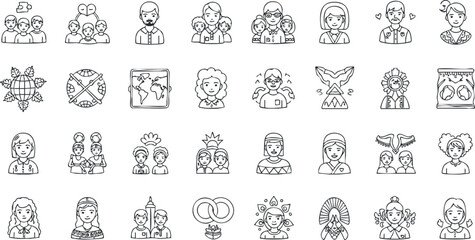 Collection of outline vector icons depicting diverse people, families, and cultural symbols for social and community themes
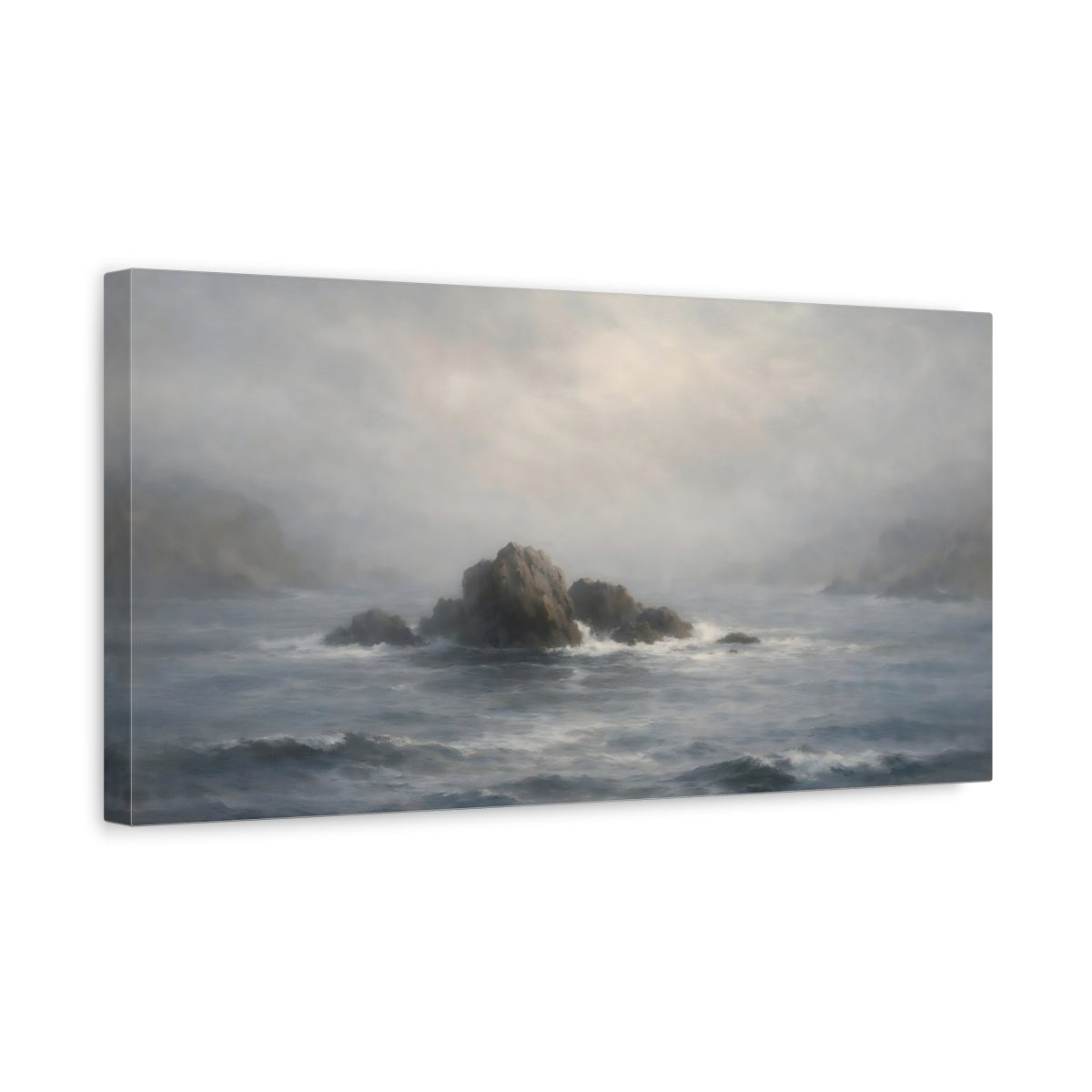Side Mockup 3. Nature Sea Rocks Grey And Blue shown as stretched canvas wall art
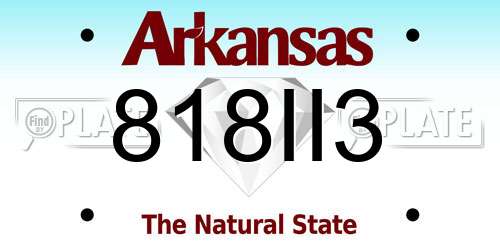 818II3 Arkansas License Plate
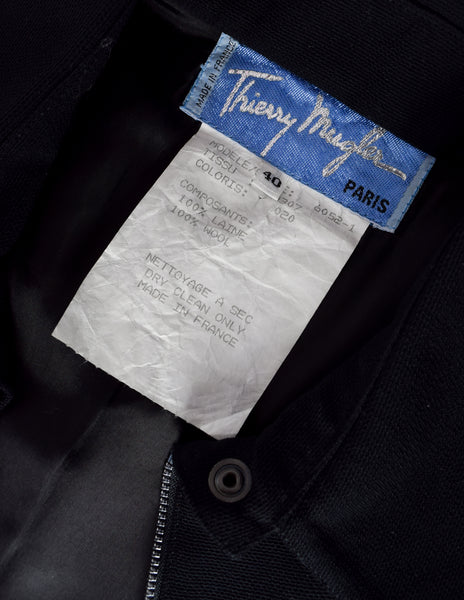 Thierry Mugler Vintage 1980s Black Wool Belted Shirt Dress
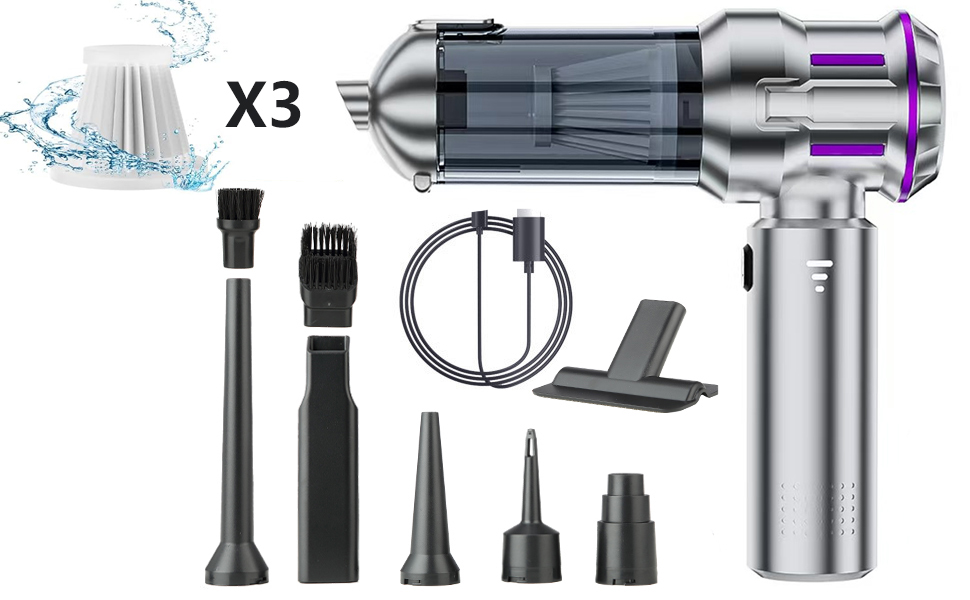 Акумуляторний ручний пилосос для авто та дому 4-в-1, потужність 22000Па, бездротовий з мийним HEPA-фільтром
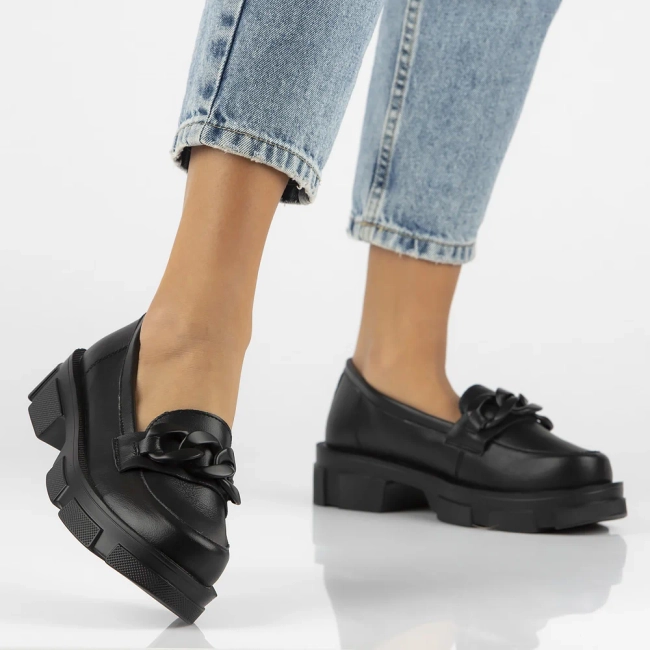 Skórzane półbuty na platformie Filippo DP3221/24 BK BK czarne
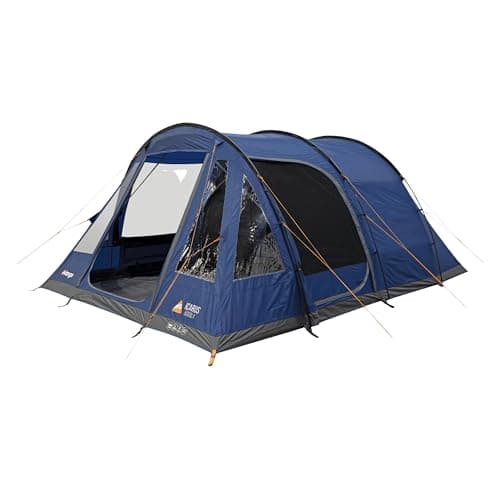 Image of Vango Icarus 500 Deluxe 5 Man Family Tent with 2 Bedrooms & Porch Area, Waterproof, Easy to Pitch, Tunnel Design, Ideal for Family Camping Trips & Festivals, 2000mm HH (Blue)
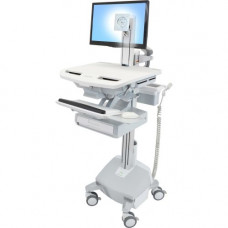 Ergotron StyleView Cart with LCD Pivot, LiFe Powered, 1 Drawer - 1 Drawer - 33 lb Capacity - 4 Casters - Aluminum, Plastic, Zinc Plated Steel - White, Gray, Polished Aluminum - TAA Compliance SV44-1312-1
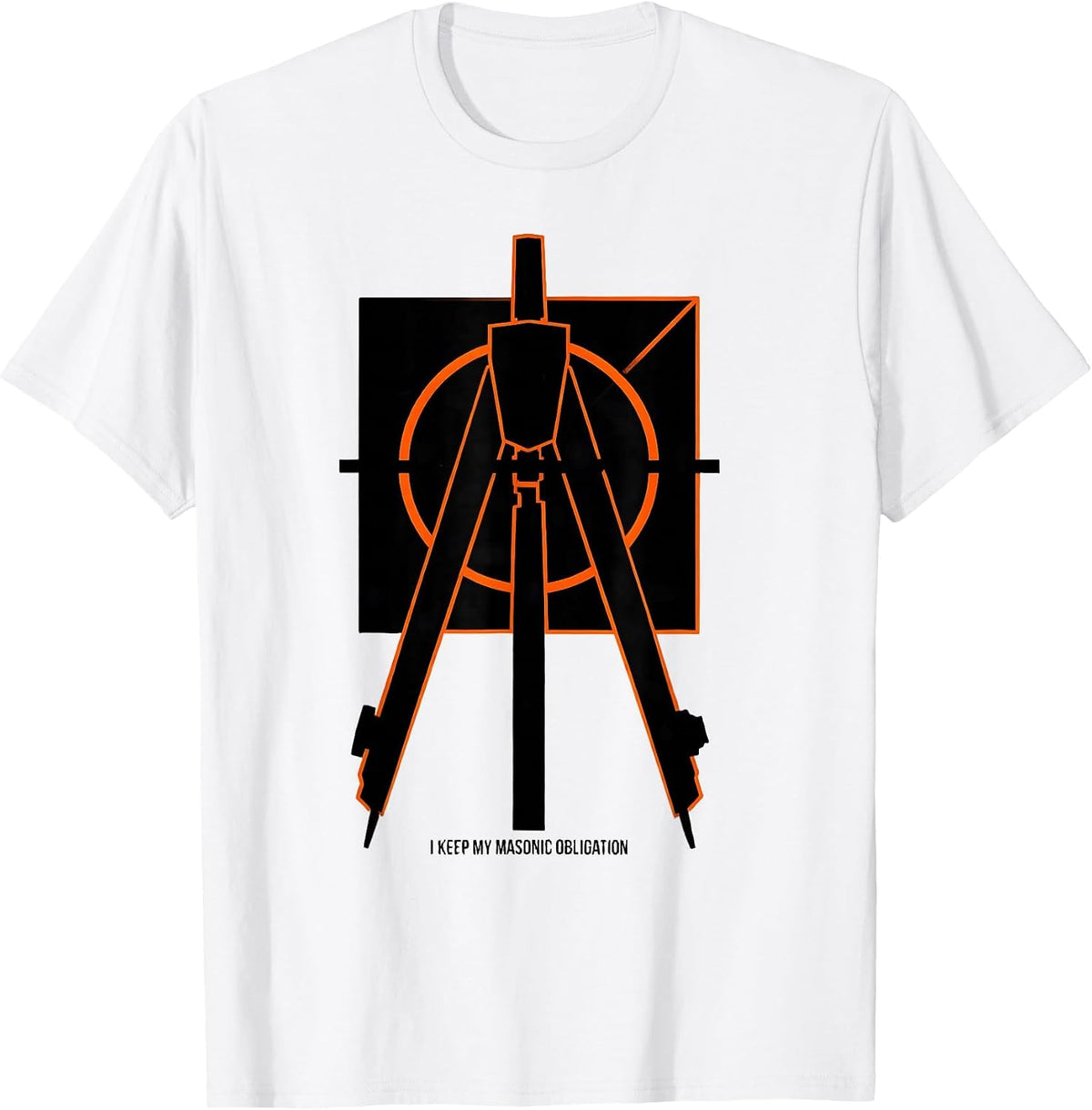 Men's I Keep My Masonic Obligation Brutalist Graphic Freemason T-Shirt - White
•••
_TRY IT_
The lines to be transcribed are those from the first line of the data above through the line holding "Thierry Mugler Vintage", inclusive; copy them exactly and only, leaving out the pictures.

_ANSWER BOX_
 Collection of outline vector icons depicting diverse people, families, and cultural symbols for social and community themes
Side Mockup 3. Nature Sea Rocks Grey And Blue shown as stretched canvas wall art
 818II3 Arkansas License Plate
 Thierry Mugler Vintage 1980s Black Wool Belted Shirt Dress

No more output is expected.